Le cinéma de la Somalie

  • Mis à jour : 30 novembre 2021

Les premières formes de projection publique de films dans le pays furent les actualités italiennes sur les événements clés de la période coloniale. En 1937, le film « Sentinelles de bronze » (récompensé à la Mostra de Venise) a été tourné dans l’Ogaden en Somalie, avec presque tous des acteurs somaliens.
Issu de la riche tradition narrative du peuple somalien, les premiers longs métrages et festivals cinématographiques somaliens ont vu le jour au début des années 1960, immédiatement après l’indépendance. Après la création de l’organisme de réglementation de la Somali Film Agency (SFA) en 1975, la scène cinématographique locale a commencé à se développer rapidement.
Dans les années 1970 et au début des années 1980, les comédies musicales populaires connues sous le nom de riwaayado étaient la principale force motrice de l’industrie cinématographique somalienne. Les films épiques et d’époque ainsi que les coproductions internationales ont emboîté le pas, facilités par la prolifération de la technologie vidéo et des réseaux de télévision nationaux.
Dans les années 1990 et 2000, une nouvelle vague de films plus axés sur le divertissement a émergé. Connu sous le nom de Somaliwood, ce mouvement cinématographique arriviste basé sur les jeunes a dynamisé l’industrie cinématographique somalienne et, ce faisant, a introduit des scénarios, des stratégies de marketing et des techniques de production innovants.
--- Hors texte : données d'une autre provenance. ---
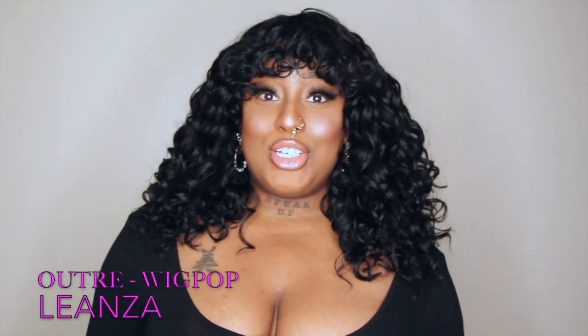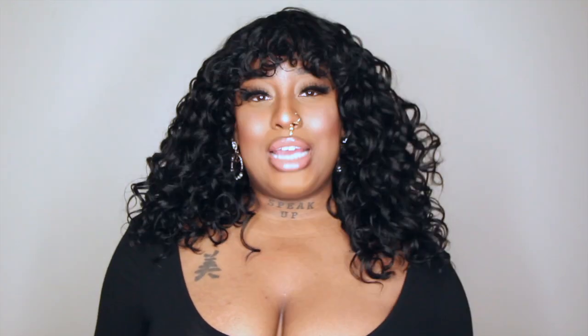I got this wig because of Cardi B — she inspired me to get this wig. I saw her on Watch What Happens Live with Andy Cohen, which is my favorite show, and she came and her hair looked fabulous. It just gave like diva, 80s pop star, and I was just like, oh my god, I love it.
HISTOIRE DU CINEMA SOMALIEN

Années 1910 - 1950

La première salle de cinéma somalienne a ouvert en 1937 à Mogadiscio en 1937. Il s’agissait du Cinéma Italia. Mais dès 1910, la coutume ancienne de la narration a motivé l’amour du cinéma, incarnation et continuation visuelles modernes de cette tradition orale bien établie.
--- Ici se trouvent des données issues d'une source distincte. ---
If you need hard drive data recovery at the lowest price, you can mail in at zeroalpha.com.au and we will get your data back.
Les premières formes de projection publique de films en Somalie furent les actualités italiennes sur les événements clés de la période coloniale dans le Somaliland italien. Des exemples de telles œuvres concernent la Somalie : « Gheledi » (1913), « Somalia italiana » (1913), « Le bellezze del fiume Nebi » (1913), « Sotto la Croce del Sud/ Somalia Italiana » (1926), « Visioni della Somalia italiana » (1929) et « Viaggio de SM il Re en Somalie » (novembre-décembre 1934) .

Sotto la Croce del Sud

Dans les années 1930 et 1940, les premiers acteurs et techniciens de cinéma somaliens ont coopéré avec des équipes italiennes pour produire des films fascistes au niveau national. Parmi ces dernières productions figuraient « Dub’aad » et « Sentinels of Bronze ». Le film Sentinelles de bronze (Sentinelle di bronzo) fut récompensé au Festival di Venezia de 1937 en tant que "Meilleur film colonial italien", remportant une Coupe d’Italie.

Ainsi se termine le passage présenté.